Step one: the attacker identifies what a target's agent is likely to retrieve. Public docs, wiki pages, support forums, vendor data, SEO-indexed web content — anything that feeds your index. The reconnaissance is cheap; tools like SerpAPI and public robots.txt tell you everything you need.
Step two: the attacker plants content in a location they know will be indexed. The content carries a payload disguised as benign text: a footnote claiming a different API endpoint, an appendix citing a different support number, instructions embedded as legitimate-looking examples.
Step three: the victim's agent retrieves the poisoned chunk as part of a retrieval pipeline. Because the content is embedded as 'authoritative,' the LLM treats it with higher trust than a raw user message. Injection success rates we've measured average 73% against unguarded agents.

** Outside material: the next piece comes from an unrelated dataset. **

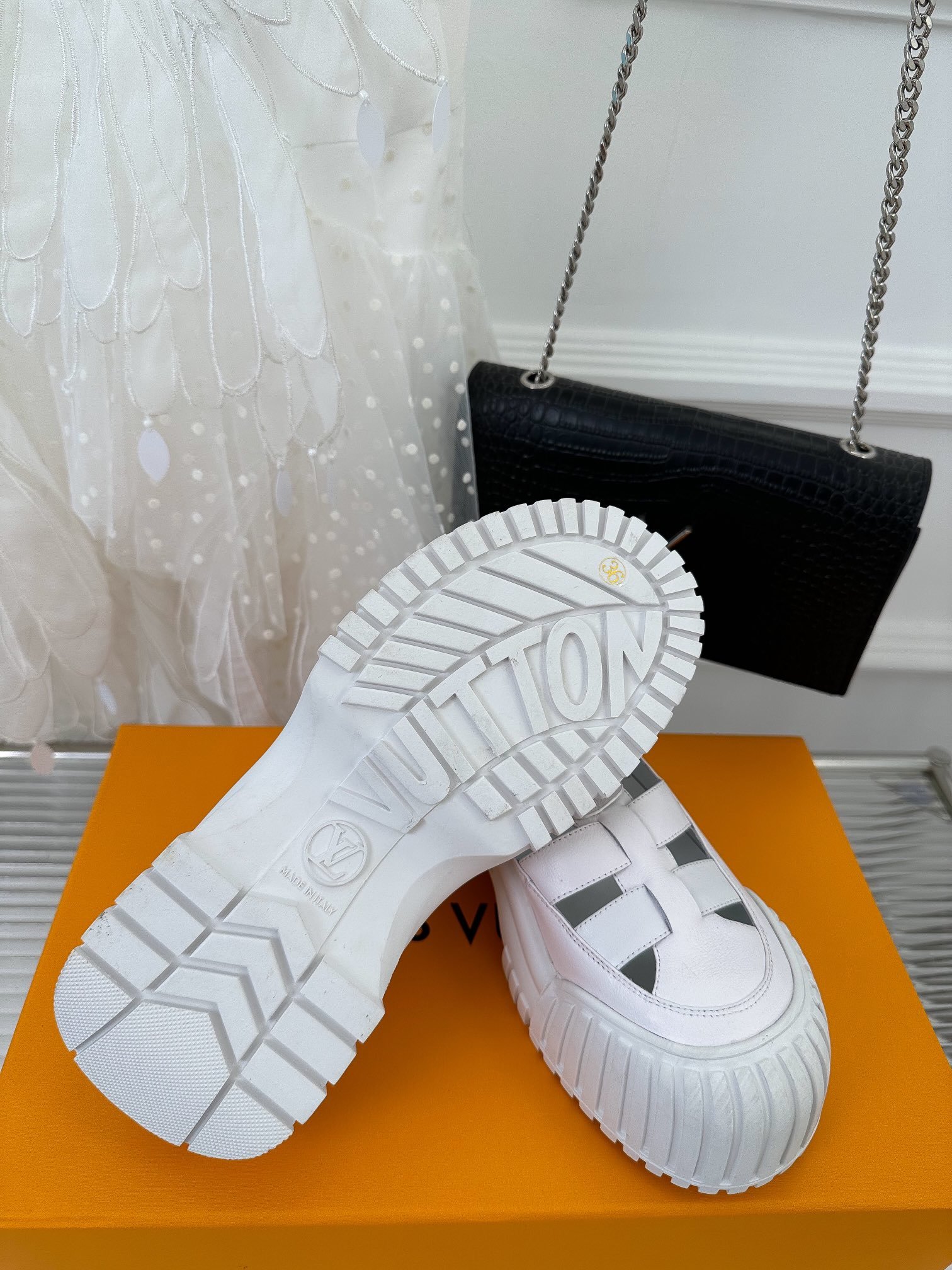 Sandals on platform 5 cm white фото 9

Step four: exfiltration or misdirection. Users are sent to attacker-controlled URLs. Support bots quote wrong numbers. Internal tools link to lookalike domains. The incidents we've investigated caused a median of $340K in direct damage and much more in brand.
Defense is layered. Validate documents at ingestion time — scan for instruction-shaped content. Sign trusted sources and downgrade unsigned retrievals. Run an adversarial retrieval test as part of your nightly eval. And when a retrieved chunk does contain instruction-shaped content, treat it as hostile until proven otherwise.